Health professionals have pointed to policy changes that would lower air pollution, help combat the coronavirus, and build healthier cities in the future. In India, leaders have yet to heed that call. In fact, while the International Energy Agency projects the country will reduce the amount of coal it burns, India will likely increase its reliance on gas, which comes with its own air pollution concerns.
“The government must listen to the youth when it comes to formulating any environmental policy because it is us who will inherit the future.”
Local climate activists haven’t let the pandemic stop them from raising awareness to their concerns around air pollution and fossil fuel expansion. They’re even using this energy to respond locally to the surge in COVID-19 cases. Joel Blah-Kyndiah, the coordinator of Fridays for Future Shillong who’s been organizing since 2018, has been helping distribute hand sanitizers and face masks alongside his climate work.
“[Nearly] 50% of the population in India is below 25 years of age, and yet, the government does not factor in the youth when it comes time to formulate environmental policies,” Blah-Kyndiah said. “But things are changing now.”
On January 19, 2021, Nityanand Jayaraman, a writer and environmental activist, called for a week-long action against the Adani Group, an Indian multinational company that’s banking on coal. In India’s first commercial coal mine auction last year, Adani Group placed the highest number of bids.
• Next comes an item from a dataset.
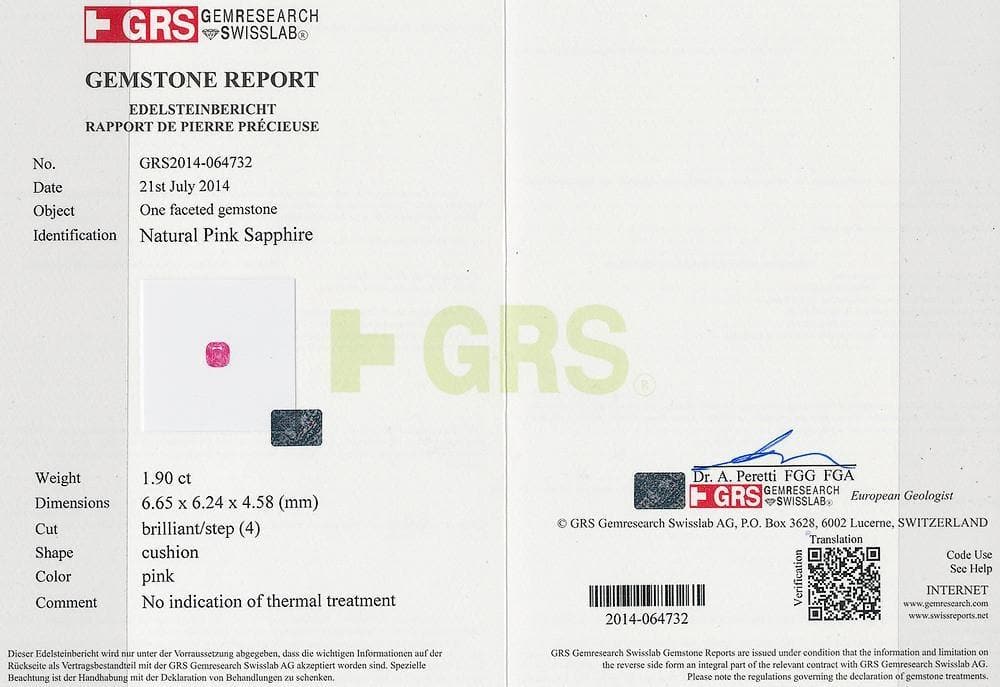 1.9 cts red sapphire GRS certificate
Over 25 environmental youth organizations across the world, including Fridays for Future India and Extinction Rebellion India, took part in a week of online events that included video screenings and musical performances later that month.
Meanwhile, Mithila Prabhudesai, a medical student in her second year, has spent over a year protesting against another Adani Group interest: the Sagarmala project. The federal government approved this plan back in 2015 to import and move coal along the coast of Goa, a state in western India that houses the Bhagwan Mahaveer Sanctuary and Mollem National Park. That project—which threatened to exacerbate local dust pollution from handling and transporting coal—may soon be on pause after the Supreme Court’s Central Empowered Committee recommended on April 23, 2021, that the court cancel the project, stating that its ecological costs outweigh any benefits.
Lately, Prabhudesai has been busy on Twitter where she and her friends have been sharing information on hospital bed availability, fundraisers, and mutual aid during the second COVID wave along with updates on the project.
Sainka Walia, a member of Fridays for Future Delhi, lives in Delhi and has been demanding government officials reduce urban air pollution by developing strategies around construction dust, vehicle pollution, and coal. “Delhi consistently ranks as one of the most polluted cities in the world, and we are fed up with it,” Walia said. “The government must listen to the youth when it comes to formulating any environmental policy because it is us who will inherit the future.”
On March 19, 2021, she marched toward the Delhi Central Secretariat as part of a global day of action. A month later, the city was under lockdown. TheWashington Post described the rising number of COVID-19 cases in India (and in Delhi, particularly) as “not a wave, but a wall.”
For these Indian climate activists, this “wall” has made one thing clear: Their environmental battles cannot be separate from their country’s current public health emergency.
Correction, June 1, 2021,11:20 am ET: The story has been updated to correct Sahana Bhattacharya’s last name from “Das” to “Bhattacharya.”